Sacramento: Tower Bridge is one of the loveliest bridges I have ever seen, especially with the sun on it in the morning. I loved the Rail Museum and the river and even the weather, because although it was hot in the afternoons, the mornings were beautifully cool. I like boats and trains and rivers, and Sacramento has all three. The biggest surprise was walking down a street around the corner from the Rail Museum--there was a boardwalk, with salt water taffy and ice cream and funnel cake  . I looked to the left, half expecting to be down the Shore and see the Atlantic Ocean, but there was just a freeway. Very strange but cool feeling to see those types of stores--made me feel at home, even all the way across the country.

Chicago. Remember when I started planning this trip and I was afraid to go to Chicago and some of you persuaded me to stay there a couple of days and give it a chance?

I found Portland somewhat annoying. I liked Sacramento.

And I fell head over heels in love with Chicago.  The people are polite and friendly, there are so many styles of buildings to look at, and it is just a lovely city. I am glad it is just an overnight trip on the Cap Ltd., because I most certainly want to go back.

Favorite state that I went through: I went all across the country looking for wonderful scenery, and enjoyed the variety and the adventure. But I know now the very best is close to home: West Virginia on the eastbound Cardinal.

One last note--on the Cardinal, just before Manassas, I saw three VRE trainsets, so now I know where they go to rest for the weekend. Some of you know I love VRE, so it was the perfect nice touch to end the trip.


----------



## Bob Dylan (Oct 16, 2017)

Very nice report, and it was great to see you again in Portland!

Now that you have seen Paris, so to speak, it'll be hard to keep you on the East Coast!


----------



## NETrainfan (Oct 17, 2017)

This was an interesting and fun report. It could be subtitled -chocolate!


----------



## Maglev (Oct 17, 2017)

Great trip report! And I am glad most of your journey was enjoyable.

I mentioned the homeless situation to my brother-in-law, who grew up in Portland and lives there now. He said there was a court ruling that allowed camping in public places. This may not apply to other jurisdictions, but it is why in Portland there is the appearance that the locals ignore the homeless situation. Meanwhile, there has been decline in then downtown area (for example, the giant downtown Macy*s closed).

In the hotel reviews for the downtown Embassy Suites (where I and several other AUer's stayed), the General Manager comments that the homeless situation is more sad than scary. I tried to keep this perspective.


----------



## AmtrakBlue (Oct 17, 2017)

NETrainfan said:


> This was an interesting and fun report. It could be subtitled -chocolate!

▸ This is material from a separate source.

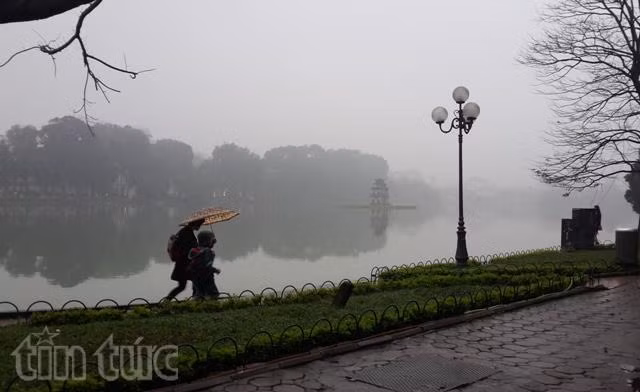 Không khí lạnh gây mưa, dông ở Bắc Bộ ảnh 1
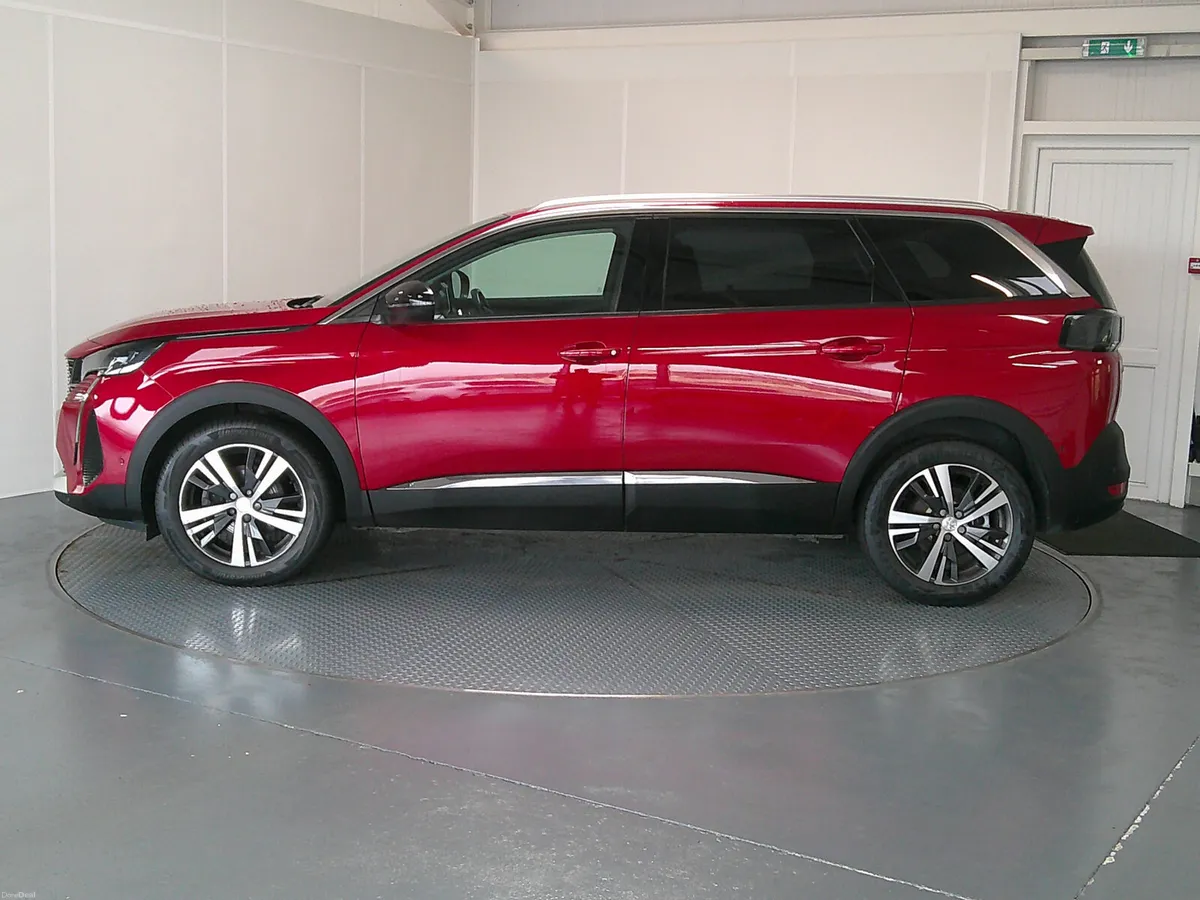 Peugeot 5008 2022 - Image 4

It was amazing that she did not attack me for my chocolate stash which I carried with me during the gathering.  

Sent from my iPhone using Amtrak Forum


----------



## AmtrakBlue (Oct 17, 2017)

Maglev said:


> Great trip report! And I am glad most of your journey was enjoyable.
> 
> I mentioned the homeless situation to my brother-in-law, who grew up in Portland and lives there now. He said there was a court ruling that allowed camping in public places. This may not apply to other jurisdictions, but it is why in Portland there is the appearance that the locals ignore the homeless situation. Meanwhile, there has been decline in then downtown area (for example, the giant downtown Macy*s closed).
> 
> In the hotel reviews for the downtown Embassy Suites (where I and several other AUer's stayed), the General Manager comments that the homeless situation is more sad than scary. I tried to keep this perspective.


In some of my walks I saw the homeless. It did not bother me. Like you I think it’s more sad than scary.

Sent from my iPhone using Amtrak Forum


----------



## Mystic River Dragon (Oct 17, 2017)

Bob Dylan said:


> Very nice report, and it was great to see you again in Portland!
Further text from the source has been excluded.